10 November 2014

An informal Labour / Lib Dem pact?

The by-election for the post of Police and Crime Commissioner (PCC) in South Yorkshire took place on 30 October and the results received little attention in the media which have been more interested in UKIP’s progress in the two parliamentary by-elections in Clacton and Rochester & Strood. A typical report noted that Labour had won with a small majority on a low turnout. However, it’s worth looking at the results in a little more detail and comparing what happened this year with the results of the first PCC election in South Yorkshire in 2012:


Several things stand out:

  • The turnout was actually higher in 2014 than in 2012 by 2,800* votes. 
  • The Labour vote was only 500* votes down on 2012. 
  • There was no Liberal Democrat candidate in 2014 but in 2012 there had been 10,000* Lib Dem votes. By that time the 2010 general election Lib Dem surge (“Cleggmania”) was in the distant past so these were probably long-term Lib Dem supporters. 
  • The English Democrats, a right-wing party of no national significance but big in South Yorkshire, lost 14,500* votes, the Conservatives lost 2,500* votes from 2012 levels. 
  • UKIP increased its votes by about 30,000*. 

But it’s not obvious what was happening underneath. Probably some erstwhile English Democrats and Conservatives moved to UKIP and the slight increase in the turnout was mostly to their benefit as well - about 20,000* votes in all. Where did the other 10,000* come from? At a guess, many came from Labour but their departure was compensated for on this occasion by the arrival of former Lib Dems.

Which raises an interesting question – what would have happened if there had been a Lib Dem PCC candidate? As a guess, something like this, which assumes (middle column) that 5,000 votes go back to the Lib Dems from Labour and 2,500 from both the Conservatives and UKIP. The numbers don’t matter too much because the key point is that almost certainly Labour would not have had more than 50% of the vote in the first round:


In these circumstances the second vote system used for PCC elections would have come into effect. Where the first preference vote had been for Conservative, Lib Dem or English Democrat and the second preference was for Labour or UKIP (with the two largest vote shares), the votes would be transferred. 

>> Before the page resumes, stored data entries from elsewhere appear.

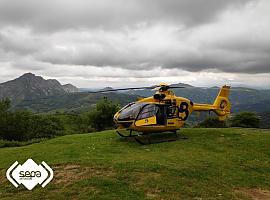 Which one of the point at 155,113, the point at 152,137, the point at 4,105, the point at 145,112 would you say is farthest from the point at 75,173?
the point at 4,105

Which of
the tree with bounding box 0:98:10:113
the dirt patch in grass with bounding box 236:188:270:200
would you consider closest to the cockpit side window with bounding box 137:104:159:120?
the dirt patch in grass with bounding box 236:188:270:200

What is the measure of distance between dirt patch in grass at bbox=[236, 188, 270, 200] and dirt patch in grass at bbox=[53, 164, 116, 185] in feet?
18.1

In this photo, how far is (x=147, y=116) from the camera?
2209 cm

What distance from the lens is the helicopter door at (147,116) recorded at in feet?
71.2

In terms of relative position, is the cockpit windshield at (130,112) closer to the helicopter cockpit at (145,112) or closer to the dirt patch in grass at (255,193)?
the helicopter cockpit at (145,112)

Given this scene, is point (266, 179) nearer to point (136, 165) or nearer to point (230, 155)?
point (230, 155)

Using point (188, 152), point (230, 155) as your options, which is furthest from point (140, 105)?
point (230, 155)

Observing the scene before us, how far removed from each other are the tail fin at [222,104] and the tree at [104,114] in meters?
27.4

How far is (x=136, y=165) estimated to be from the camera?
592 inches

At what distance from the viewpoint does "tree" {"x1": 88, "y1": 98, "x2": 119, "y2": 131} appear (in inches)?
2141

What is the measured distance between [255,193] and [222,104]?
1657 centimetres

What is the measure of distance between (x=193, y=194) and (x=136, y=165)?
3.88 meters

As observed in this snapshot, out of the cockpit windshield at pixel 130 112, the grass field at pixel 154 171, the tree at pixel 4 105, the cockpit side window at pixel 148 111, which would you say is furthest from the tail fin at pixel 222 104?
the tree at pixel 4 105

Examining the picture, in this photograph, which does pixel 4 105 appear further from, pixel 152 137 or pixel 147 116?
pixel 147 116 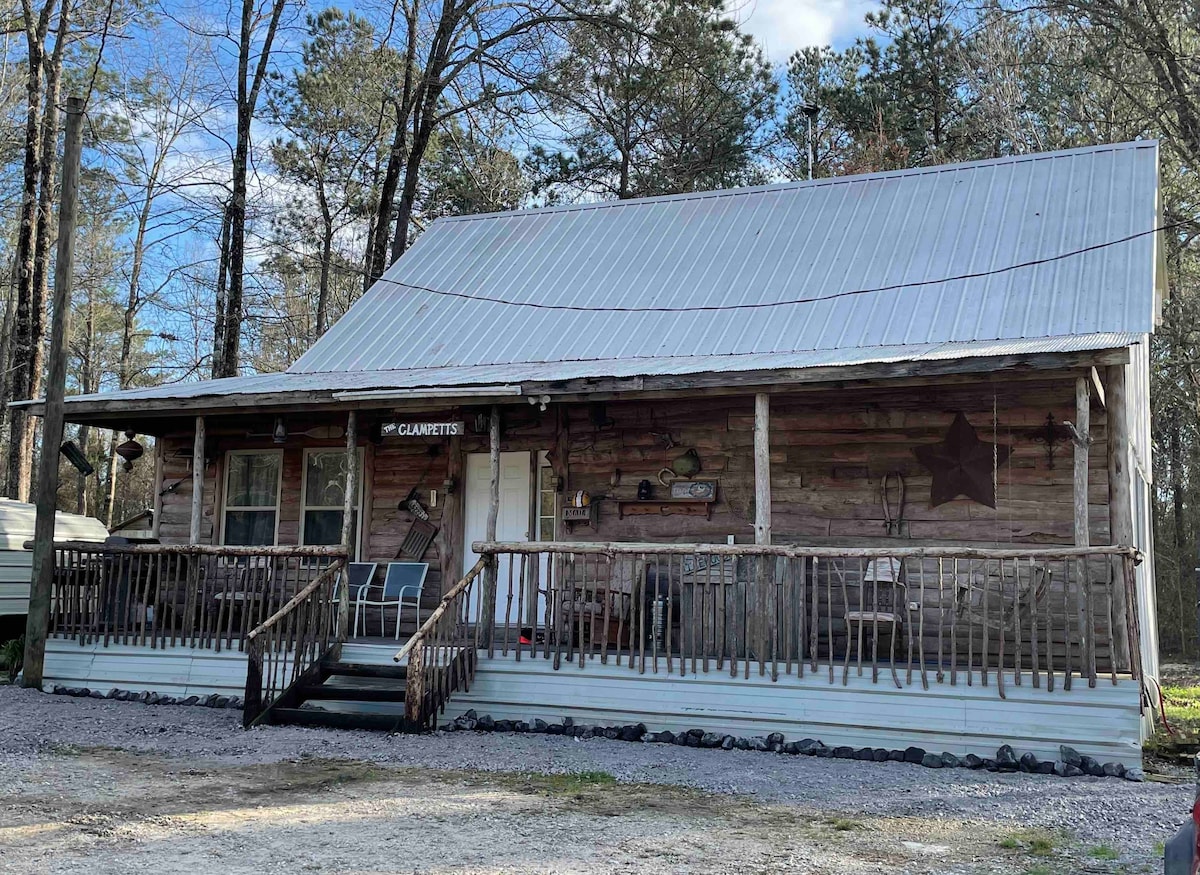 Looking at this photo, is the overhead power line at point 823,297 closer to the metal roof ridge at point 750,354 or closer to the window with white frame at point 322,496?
the metal roof ridge at point 750,354

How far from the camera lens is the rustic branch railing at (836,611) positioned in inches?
333

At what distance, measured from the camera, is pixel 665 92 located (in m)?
23.5

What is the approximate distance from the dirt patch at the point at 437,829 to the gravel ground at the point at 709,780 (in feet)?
0.11

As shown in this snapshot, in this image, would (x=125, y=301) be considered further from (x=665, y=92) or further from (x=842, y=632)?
(x=842, y=632)

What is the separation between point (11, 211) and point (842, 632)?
20.9 meters

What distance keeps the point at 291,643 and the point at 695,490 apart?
4226 mm

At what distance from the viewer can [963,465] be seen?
10.8 meters

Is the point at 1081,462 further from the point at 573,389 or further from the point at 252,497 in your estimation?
the point at 252,497

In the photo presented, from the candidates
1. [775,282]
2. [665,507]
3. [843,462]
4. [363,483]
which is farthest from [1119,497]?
[363,483]

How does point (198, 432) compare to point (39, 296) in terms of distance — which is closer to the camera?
point (198, 432)

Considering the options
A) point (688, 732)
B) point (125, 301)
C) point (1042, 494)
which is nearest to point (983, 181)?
point (1042, 494)

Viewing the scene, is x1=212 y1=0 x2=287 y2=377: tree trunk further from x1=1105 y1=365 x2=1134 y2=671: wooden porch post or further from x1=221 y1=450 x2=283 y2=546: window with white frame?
x1=1105 y1=365 x2=1134 y2=671: wooden porch post

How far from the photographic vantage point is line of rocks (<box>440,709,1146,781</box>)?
809 cm

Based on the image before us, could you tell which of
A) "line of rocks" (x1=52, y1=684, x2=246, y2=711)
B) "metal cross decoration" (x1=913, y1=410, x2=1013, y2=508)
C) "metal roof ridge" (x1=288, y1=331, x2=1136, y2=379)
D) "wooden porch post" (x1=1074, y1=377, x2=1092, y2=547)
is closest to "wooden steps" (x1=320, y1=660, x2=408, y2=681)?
"line of rocks" (x1=52, y1=684, x2=246, y2=711)
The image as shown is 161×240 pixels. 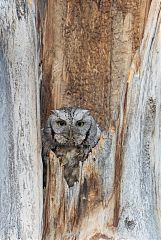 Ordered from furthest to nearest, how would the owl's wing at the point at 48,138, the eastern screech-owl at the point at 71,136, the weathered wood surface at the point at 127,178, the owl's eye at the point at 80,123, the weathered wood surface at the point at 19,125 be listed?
the owl's eye at the point at 80,123 < the owl's wing at the point at 48,138 < the eastern screech-owl at the point at 71,136 < the weathered wood surface at the point at 127,178 < the weathered wood surface at the point at 19,125

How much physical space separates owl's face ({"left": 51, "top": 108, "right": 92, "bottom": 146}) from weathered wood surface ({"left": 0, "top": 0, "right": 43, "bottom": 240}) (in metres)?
0.37

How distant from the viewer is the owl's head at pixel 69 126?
3932 mm

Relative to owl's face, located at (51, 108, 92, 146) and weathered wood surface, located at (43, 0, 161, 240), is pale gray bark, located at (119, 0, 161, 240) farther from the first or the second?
owl's face, located at (51, 108, 92, 146)

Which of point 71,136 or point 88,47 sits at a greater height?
point 88,47

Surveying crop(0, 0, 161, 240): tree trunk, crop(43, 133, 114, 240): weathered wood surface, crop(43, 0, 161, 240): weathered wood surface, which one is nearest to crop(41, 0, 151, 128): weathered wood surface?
crop(0, 0, 161, 240): tree trunk

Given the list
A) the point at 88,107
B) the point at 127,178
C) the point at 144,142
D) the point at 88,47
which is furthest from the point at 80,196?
the point at 88,47

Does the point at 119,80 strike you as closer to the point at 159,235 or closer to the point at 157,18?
the point at 157,18

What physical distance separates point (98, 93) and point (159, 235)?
712 mm

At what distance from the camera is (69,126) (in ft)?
13.6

There would then have been a second count of the Labour and UKIP votes. A similar argument to that above can be used to estimate what might have happened, assuming that all the voters had expressed second preferences, which they almost certainly didn’t**. It is worth considering what might have been the best case for UKIP. They might have picked up all the Conservative and all the English Democrat votes as second preferences. If they had also acquired all the Lib Dem second votes they would have won, but more probably, as above, at least 50% of the Lib Dems would probably have gone to Labour and 2,500* might have been ‘wasted’ on the Conservatives or not expressed any second preference at all. Even if 2,500* Lib Dems had voted UKIP as second choice, the second round would have given Labour its majority. It’s therefore not surprising that in the real ballot UKIP, even when the Labour first round margin over 50% was wafer-thin, didn’t ask for a recount.

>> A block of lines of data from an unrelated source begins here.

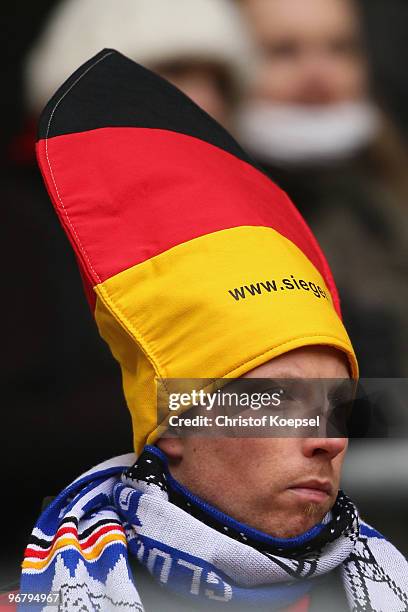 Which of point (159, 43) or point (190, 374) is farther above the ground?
point (159, 43)

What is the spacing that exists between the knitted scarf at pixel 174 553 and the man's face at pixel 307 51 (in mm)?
1282

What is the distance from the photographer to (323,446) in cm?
158

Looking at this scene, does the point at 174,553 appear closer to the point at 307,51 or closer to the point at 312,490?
the point at 312,490

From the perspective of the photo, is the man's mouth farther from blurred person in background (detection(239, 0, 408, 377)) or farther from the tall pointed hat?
blurred person in background (detection(239, 0, 408, 377))

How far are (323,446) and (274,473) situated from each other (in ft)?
0.26

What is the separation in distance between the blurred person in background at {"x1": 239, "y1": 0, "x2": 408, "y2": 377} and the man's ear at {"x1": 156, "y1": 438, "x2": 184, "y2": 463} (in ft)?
3.18

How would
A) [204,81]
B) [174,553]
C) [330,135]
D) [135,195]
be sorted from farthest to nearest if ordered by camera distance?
1. [330,135]
2. [204,81]
3. [135,195]
4. [174,553]

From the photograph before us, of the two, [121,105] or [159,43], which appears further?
[159,43]

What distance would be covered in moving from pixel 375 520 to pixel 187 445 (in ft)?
1.25

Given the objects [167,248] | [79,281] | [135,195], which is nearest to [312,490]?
[167,248]

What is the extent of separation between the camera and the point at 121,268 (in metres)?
1.64

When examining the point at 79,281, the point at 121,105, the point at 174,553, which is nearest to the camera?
the point at 174,553

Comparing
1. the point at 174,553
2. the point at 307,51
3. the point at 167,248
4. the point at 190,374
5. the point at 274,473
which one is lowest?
the point at 174,553

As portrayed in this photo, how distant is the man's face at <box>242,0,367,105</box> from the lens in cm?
265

But the margin of 29 wouldn’t have existed if there had been a Lib Dem candidate in the first round. I have no idea why this was the case, but, if nothing else, this PCC by-election offers an insight into how useful an informal Labour Lib Dem pact could be in normal parliamentary elections, even though these are “first-past-the–post”. If the Lib Dems were to soft-pedal their campaigning in Northern constituencies and concentrate their resources on holding onto their existing seats, particularly in SW England where, if Labour were to do the same in return, there would almost certainly be benefits to both. It would reduce UKIP’s impact on Labour in the North and the Conservative threat to the Lib Dems in the South West.

* Rounded figures.

** For example, in the 2012 Avon & Somerset PCC election second round, only 56% of the votes cast for the eliminated candidates indicated a second preference for one or other of the two candidates remaining.